• **EXERCISE GOAL**: Without the pictures, output the lines of the material from the very first through the one that holds "This chart may".

• **RECORDED INFORMATION**:
:::
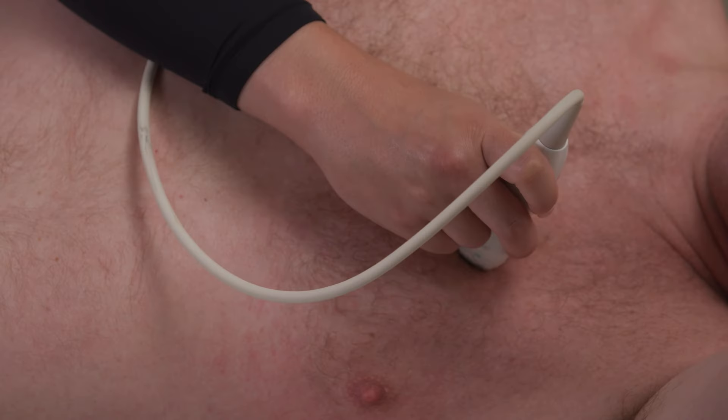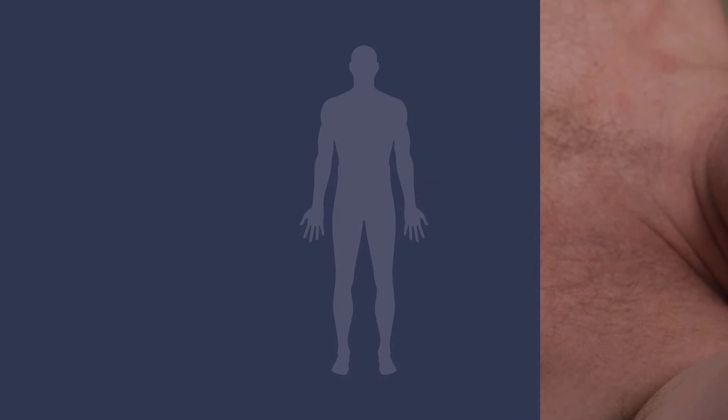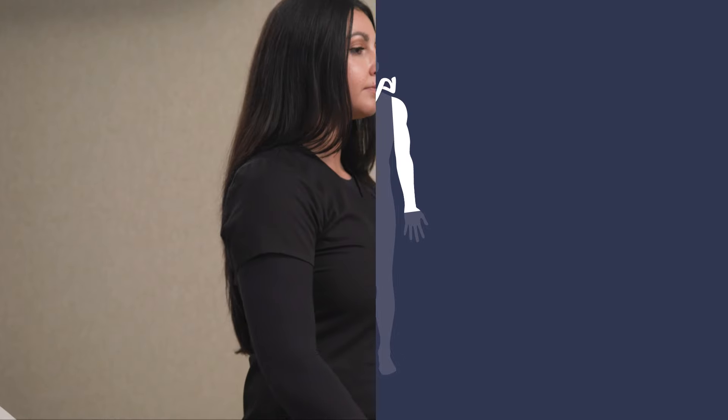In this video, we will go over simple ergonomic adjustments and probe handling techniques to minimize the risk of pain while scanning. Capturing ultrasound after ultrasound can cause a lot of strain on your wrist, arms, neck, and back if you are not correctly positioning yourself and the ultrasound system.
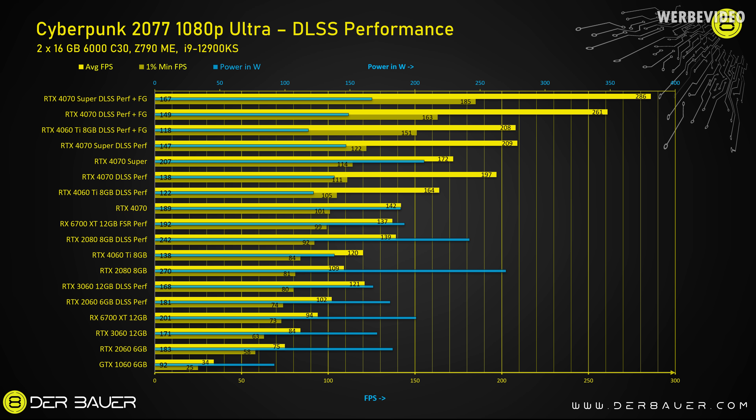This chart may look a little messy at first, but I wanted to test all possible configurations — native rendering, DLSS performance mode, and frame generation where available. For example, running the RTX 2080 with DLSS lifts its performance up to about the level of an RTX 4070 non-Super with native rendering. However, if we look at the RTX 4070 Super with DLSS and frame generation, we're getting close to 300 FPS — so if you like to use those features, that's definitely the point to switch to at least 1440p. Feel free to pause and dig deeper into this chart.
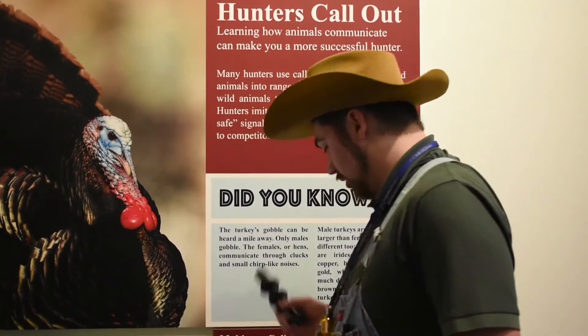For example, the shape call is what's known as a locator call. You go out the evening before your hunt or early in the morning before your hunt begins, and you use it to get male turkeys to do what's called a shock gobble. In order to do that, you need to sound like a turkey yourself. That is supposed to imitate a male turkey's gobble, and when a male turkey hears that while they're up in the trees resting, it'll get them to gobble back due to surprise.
:::
• **TASK RESULT**:
In this video, we will go over simple ergonomic adjustments and probe handling techniques to minimize the risk of pain while scanning. Capturing ultrasound after ultrasound can cause a lot of strain on your wrist, arms, neck, and back if you are not correctly positioning yourself and the ultrasound system.
This chart may look a little messy at first, but I wanted to test all possible configurations — native rendering, DLSS performance mode, and frame generation where available. For example, running the RTX 2080 with DLSS lifts its performance up to about the level of an RTX 4070 non-Super with native rendering. However, if we look at the RTX 4070 Super with DLSS and frame generation, we're getting close to 300 FPS — so if you like to use those features, that's definitely the point to switch to at least 1440p. Feel free to pause and dig deeper into this chart.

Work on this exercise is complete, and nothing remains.